— Stored dataset items —
-- Opening Marker --
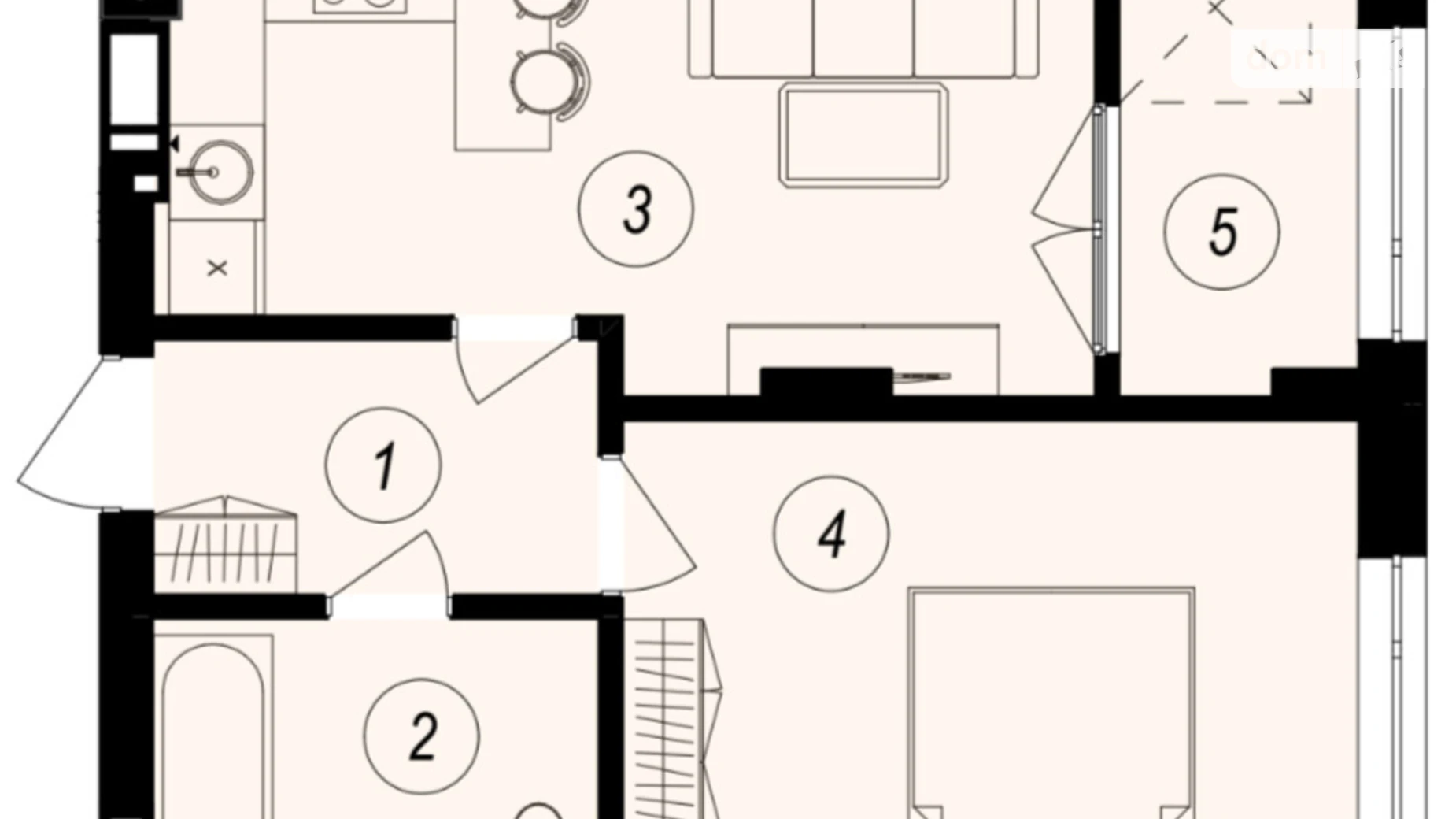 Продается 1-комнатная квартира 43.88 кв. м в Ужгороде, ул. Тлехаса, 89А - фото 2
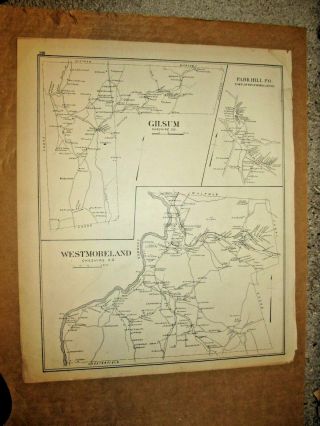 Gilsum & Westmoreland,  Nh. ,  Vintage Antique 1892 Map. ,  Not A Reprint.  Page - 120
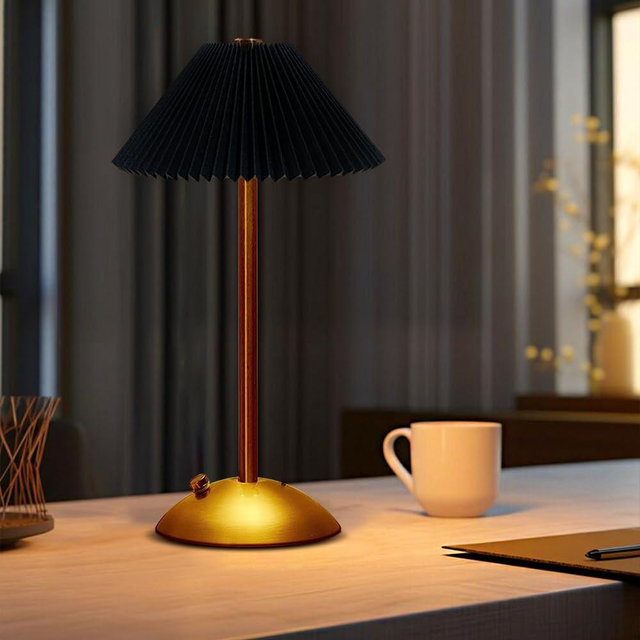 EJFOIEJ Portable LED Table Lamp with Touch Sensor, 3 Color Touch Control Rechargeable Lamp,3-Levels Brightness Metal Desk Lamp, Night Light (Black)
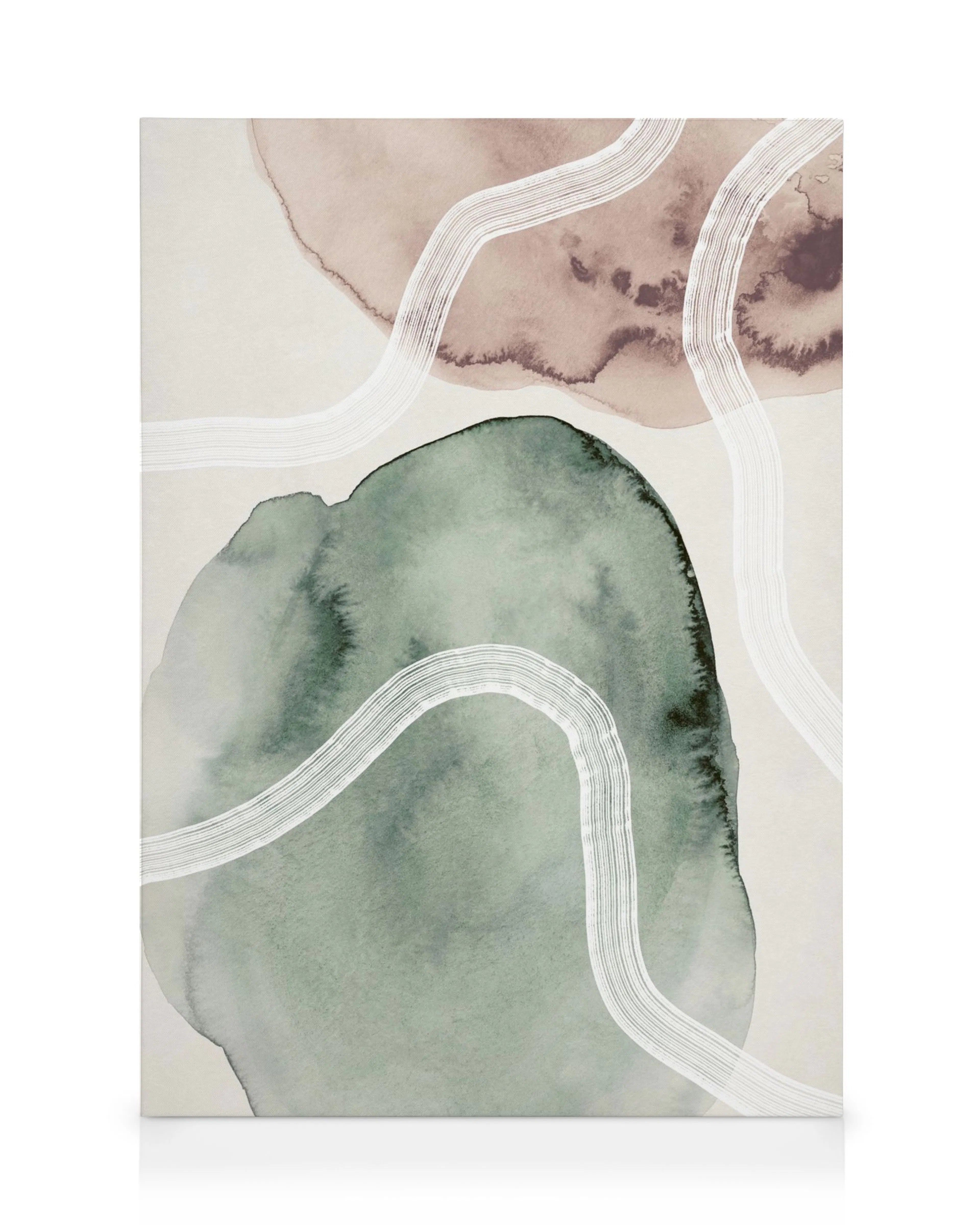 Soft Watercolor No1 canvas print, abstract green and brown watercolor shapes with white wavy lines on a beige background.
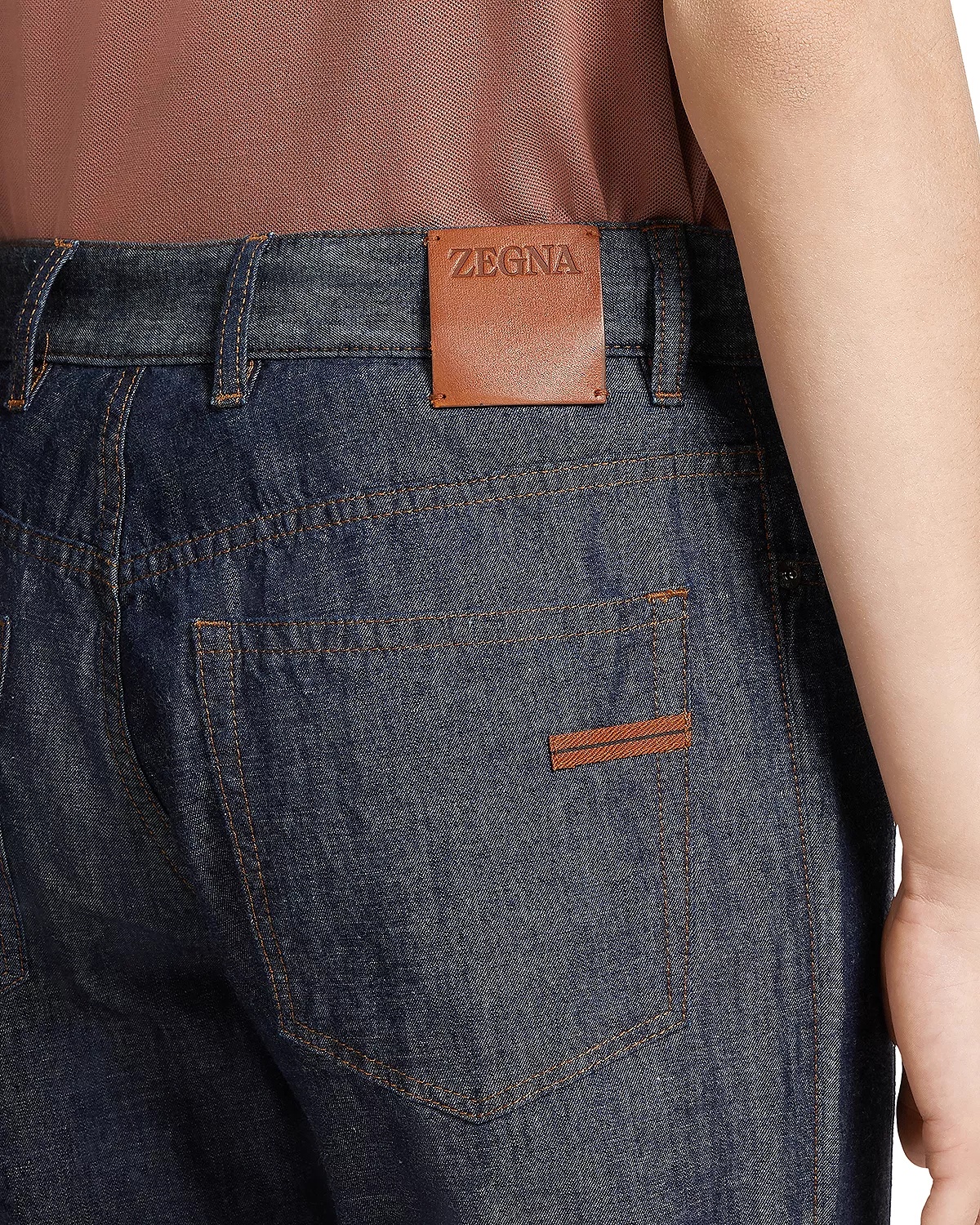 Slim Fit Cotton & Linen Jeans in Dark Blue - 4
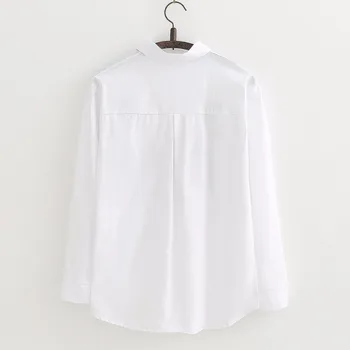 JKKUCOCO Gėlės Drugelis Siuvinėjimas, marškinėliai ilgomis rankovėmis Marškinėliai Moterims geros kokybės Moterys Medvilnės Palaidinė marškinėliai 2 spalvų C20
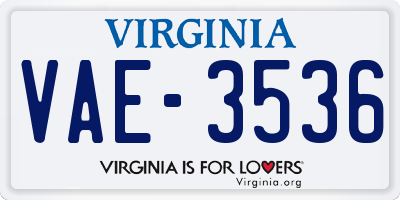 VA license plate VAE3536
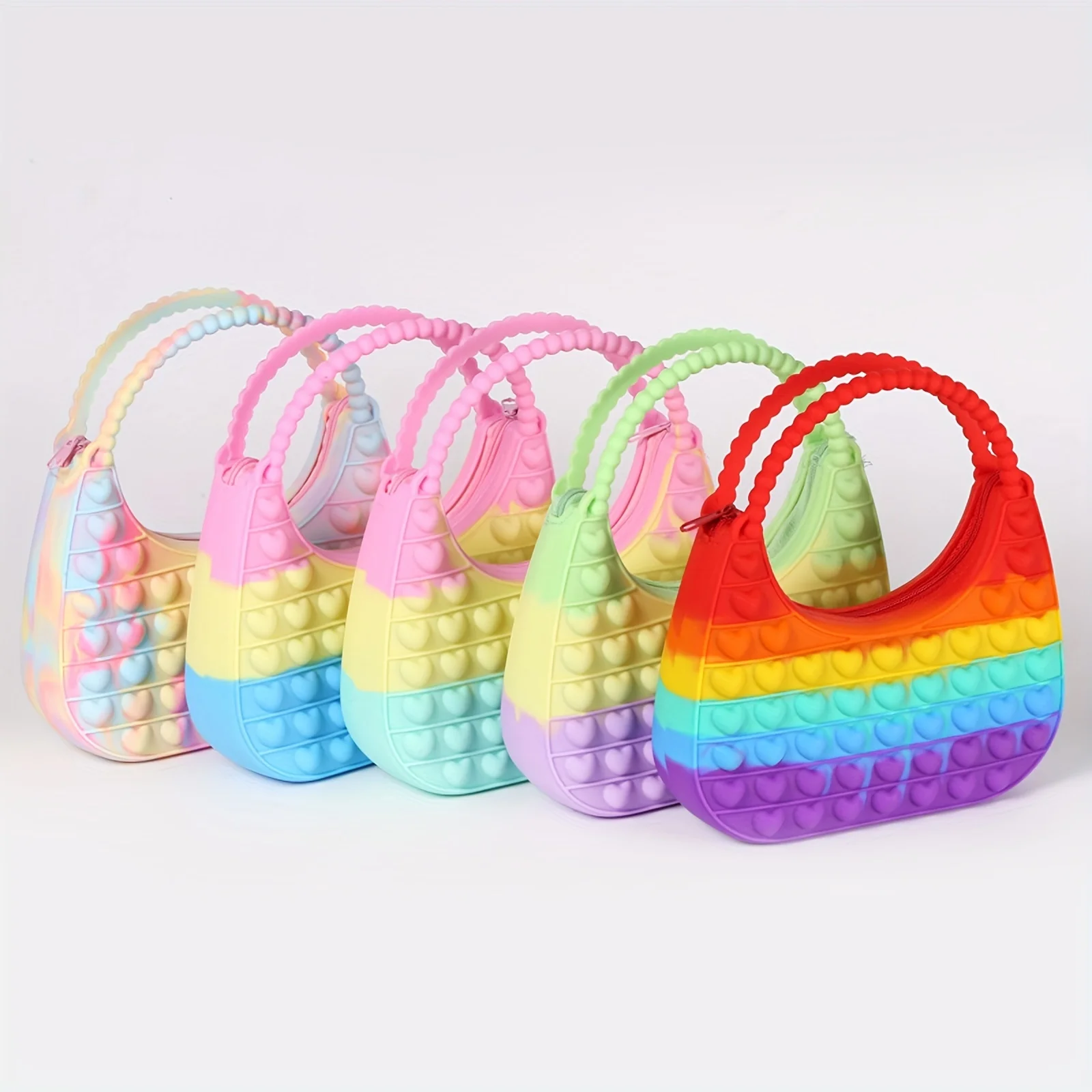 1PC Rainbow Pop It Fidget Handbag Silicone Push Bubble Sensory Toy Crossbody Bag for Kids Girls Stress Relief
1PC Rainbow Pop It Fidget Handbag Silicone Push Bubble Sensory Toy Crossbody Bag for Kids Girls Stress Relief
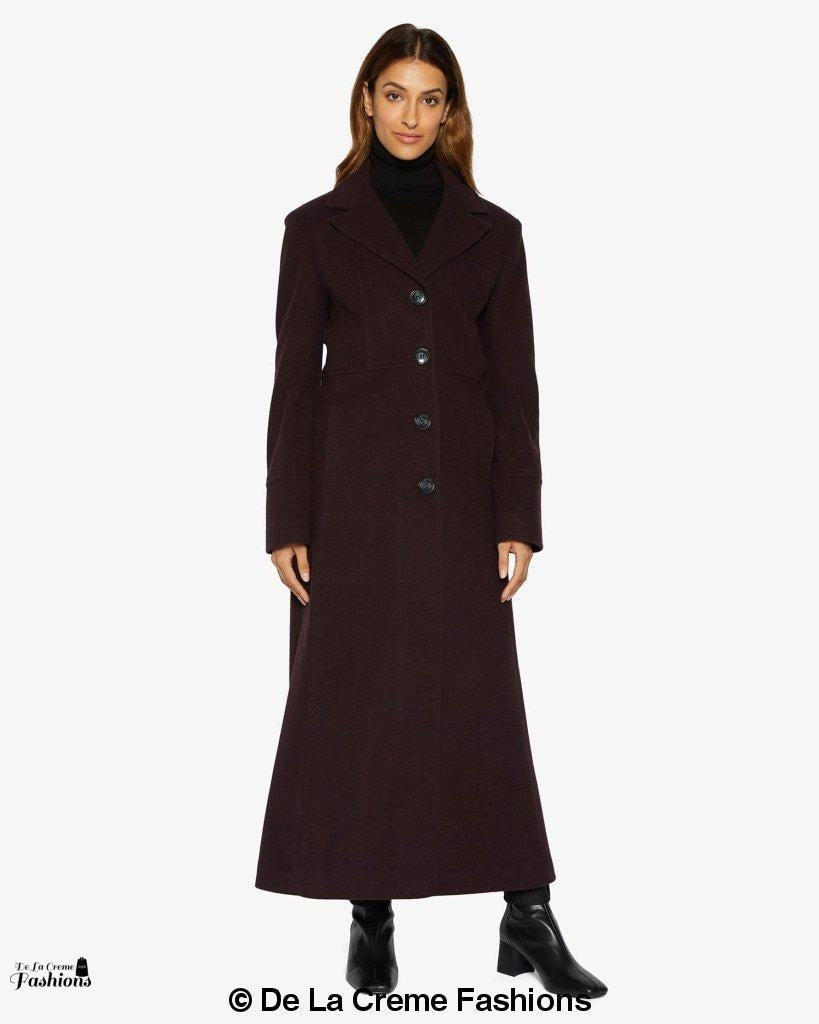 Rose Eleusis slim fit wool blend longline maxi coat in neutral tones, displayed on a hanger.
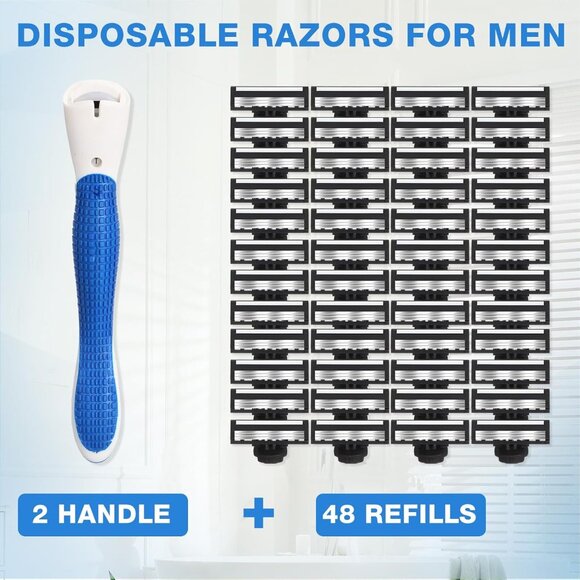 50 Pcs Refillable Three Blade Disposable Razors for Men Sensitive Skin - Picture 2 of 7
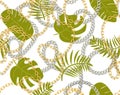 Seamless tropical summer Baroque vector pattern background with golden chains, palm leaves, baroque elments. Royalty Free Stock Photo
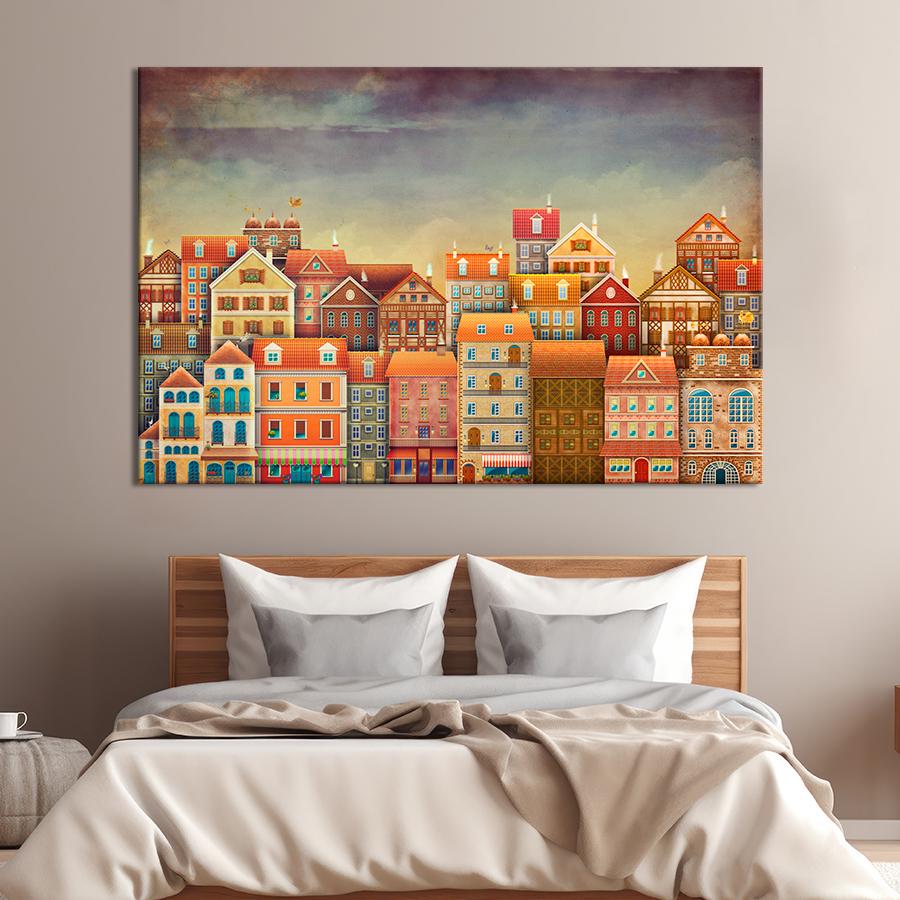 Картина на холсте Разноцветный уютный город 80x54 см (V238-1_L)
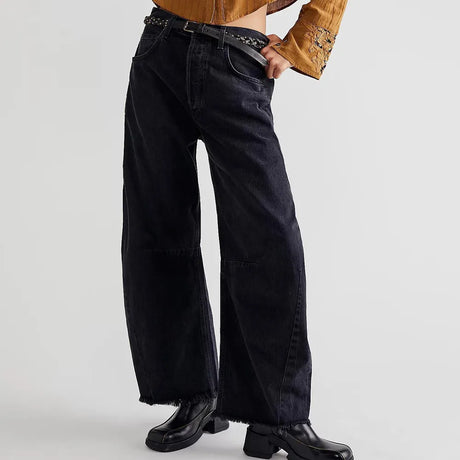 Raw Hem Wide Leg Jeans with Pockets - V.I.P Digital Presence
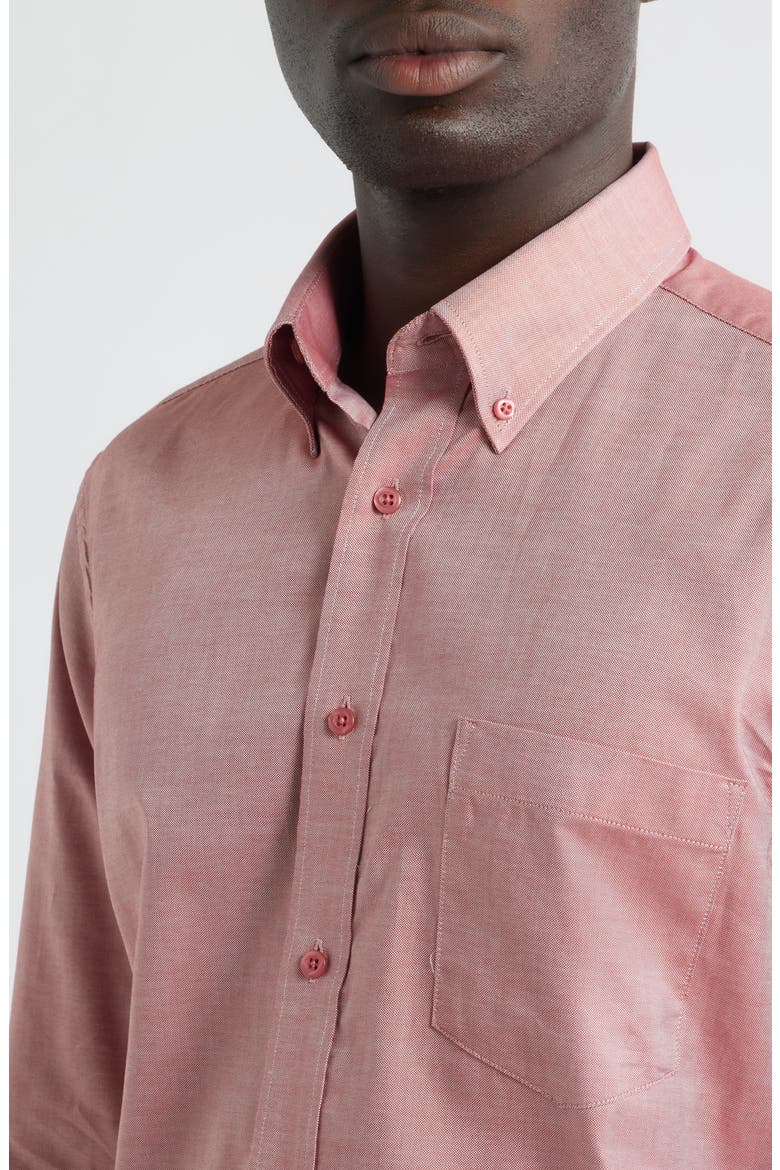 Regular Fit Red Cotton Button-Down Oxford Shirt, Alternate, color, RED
-- Closing Marker --
— THE TASK —
The lines from the one containing "JKKUCOCO Gėlės Drugelis" through the final line of the data are to be repeated exactly, with both ends included and all pictures left out.

— PROBLEM SOLUTION —
 JKKUCOCO Gėlės Drugelis Siuvinėjimas, marškinėliai ilgomis rankovėmis Marškinėliai Moterims geros kokybės Moterys Medvilnės Palaidinė marškinėliai 2 spalvų C20
 VA license plate VAE3536
 1PC Rainbow Pop It Fidget Handbag Silicone Push Bubble Sensory Toy Crossbody Bag for Kids Girls Stress Relief
1PC Rainbow Pop It Fidget Handbag Silicone Push Bubble Sensory Toy Crossbody Bag for Kids Girls Stress Relief
 Rose Eleusis slim fit wool blend longline maxi coat in neutral tones, displayed on a hanger.
 50 Pcs Refillable Three Blade Disposable Razors for Men Sensitive Skin - Picture 2 of 7
 Seamless tropical summer Baroque vector pattern background with golden chains, palm leaves, baroque elments. Royalty Free Stock Photo
 Картина на холсте Разноцветный уютный город 80x54 см (V238-1_L)
 Raw Hem Wide Leg Jeans with Pockets - V.I.P Digital Presence
 Regular Fit Red Cotton Button-Down Oxford Shirt, Alternate, color, RED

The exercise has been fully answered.